■ AIM OF THE TASK ■
Each line below from the "Qoo10] 陸上スパイクピン 16個 ハンドル セッ" line through the "Герметик Кузовной Axiom" line, those two included, must be restated word for word; the pictures must not be.

■ RECORDED DATA ■
● ● ●
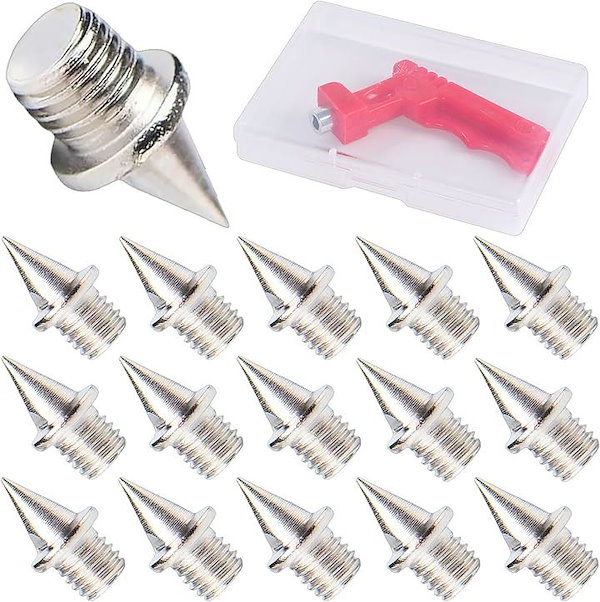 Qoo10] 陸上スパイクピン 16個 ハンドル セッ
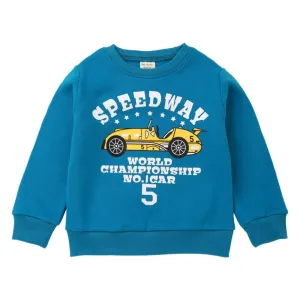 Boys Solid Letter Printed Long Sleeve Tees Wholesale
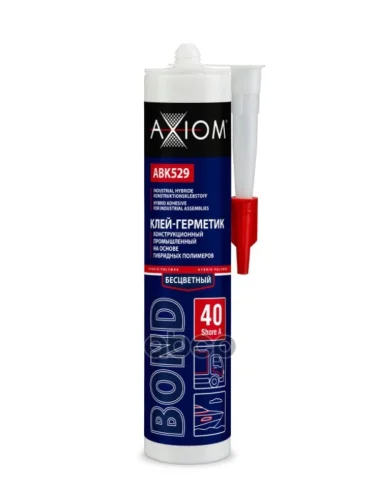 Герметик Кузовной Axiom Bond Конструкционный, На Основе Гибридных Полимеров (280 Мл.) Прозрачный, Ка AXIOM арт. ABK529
● ● ●
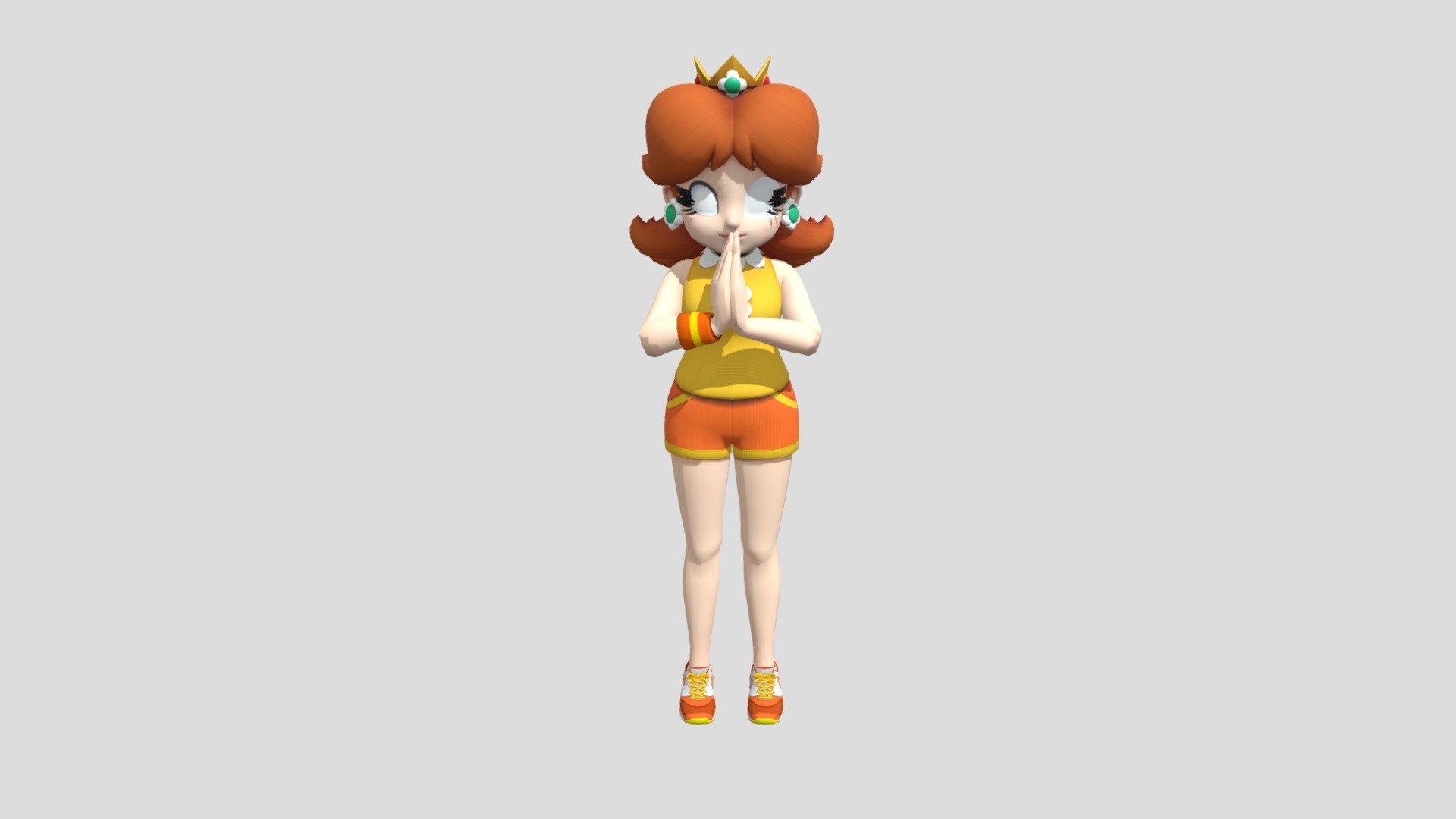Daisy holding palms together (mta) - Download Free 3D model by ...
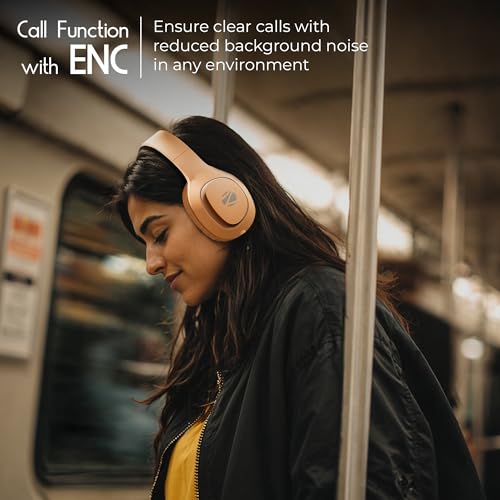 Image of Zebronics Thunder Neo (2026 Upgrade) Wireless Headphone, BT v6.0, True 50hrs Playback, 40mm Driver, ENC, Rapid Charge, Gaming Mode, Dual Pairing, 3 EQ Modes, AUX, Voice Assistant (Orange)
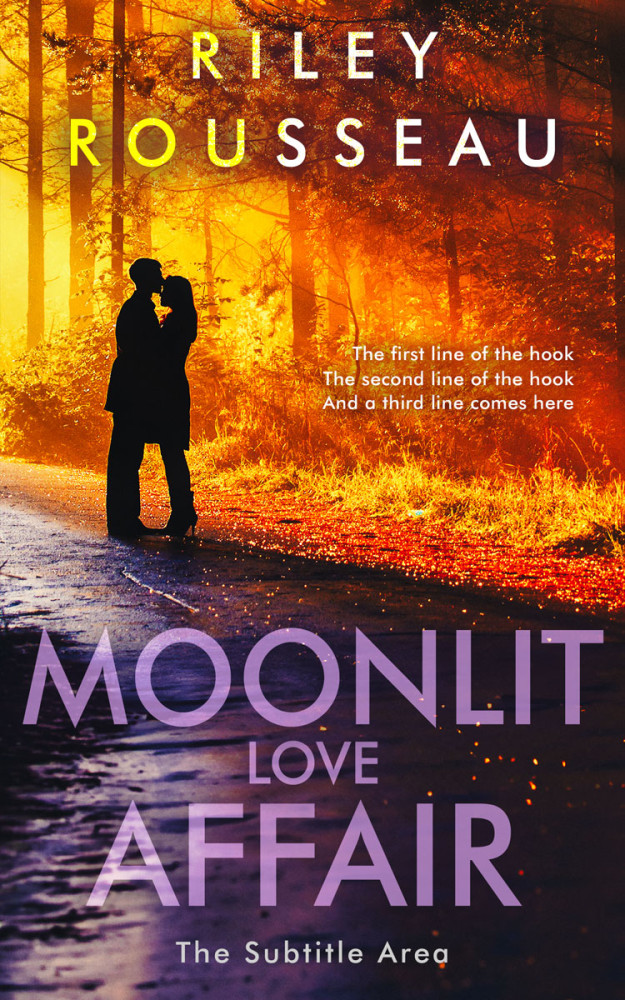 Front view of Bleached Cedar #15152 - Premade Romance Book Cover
● ● ●
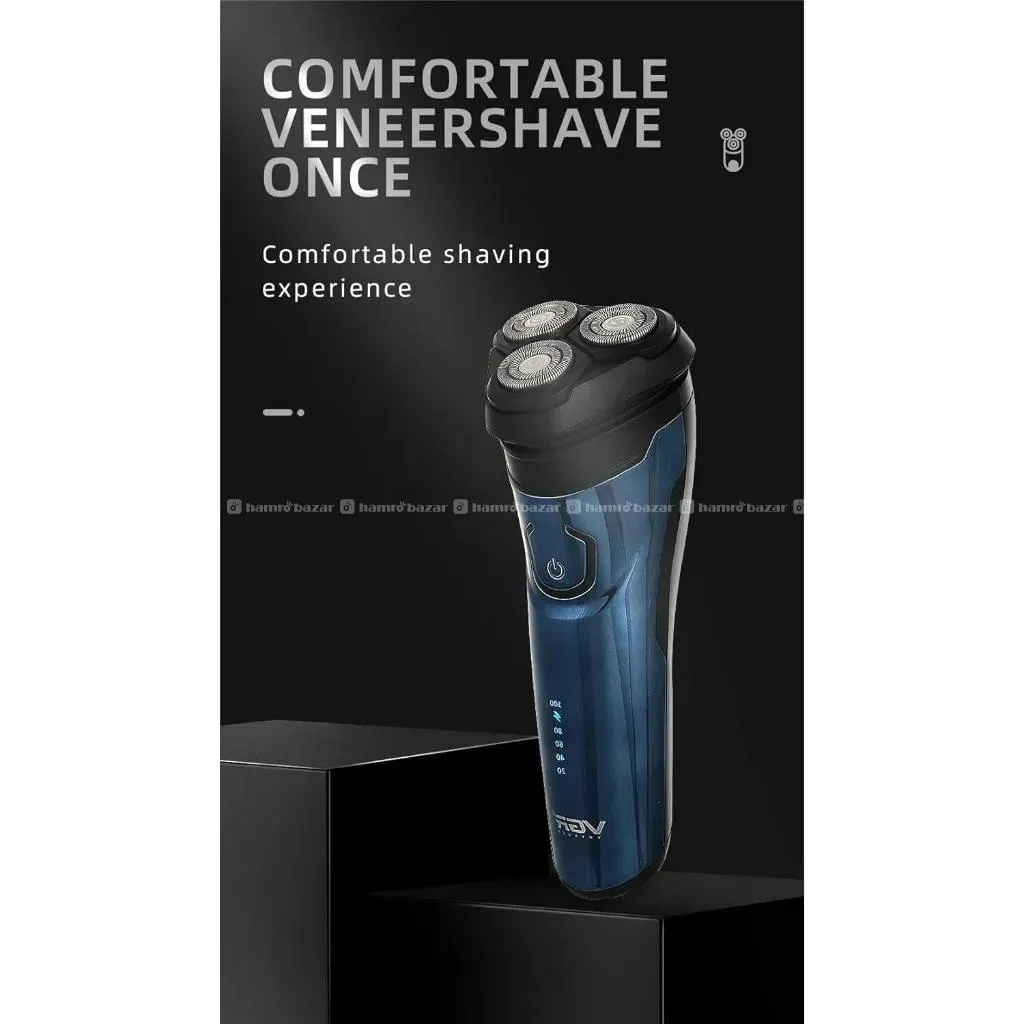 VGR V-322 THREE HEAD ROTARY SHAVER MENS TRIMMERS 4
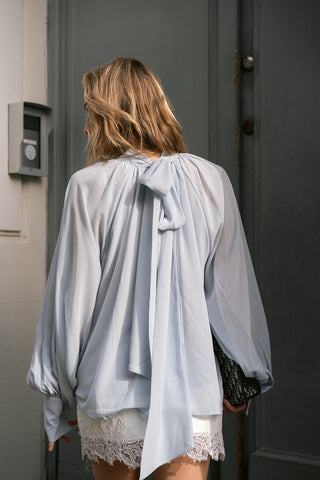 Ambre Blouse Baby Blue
● ● ●
■ SOLVED PROBLEM ■
 Qoo10] 陸上スパイクピン 16個 ハンドル セッ
 Boys Solid Letter Printed Long Sleeve Tees Wholesale
 Герметик Кузовной Axiom Bond Конструкционный, На Основе Гибридных Полимеров (280 Мл.) Прозрачный, Ка AXIOM арт. ABK529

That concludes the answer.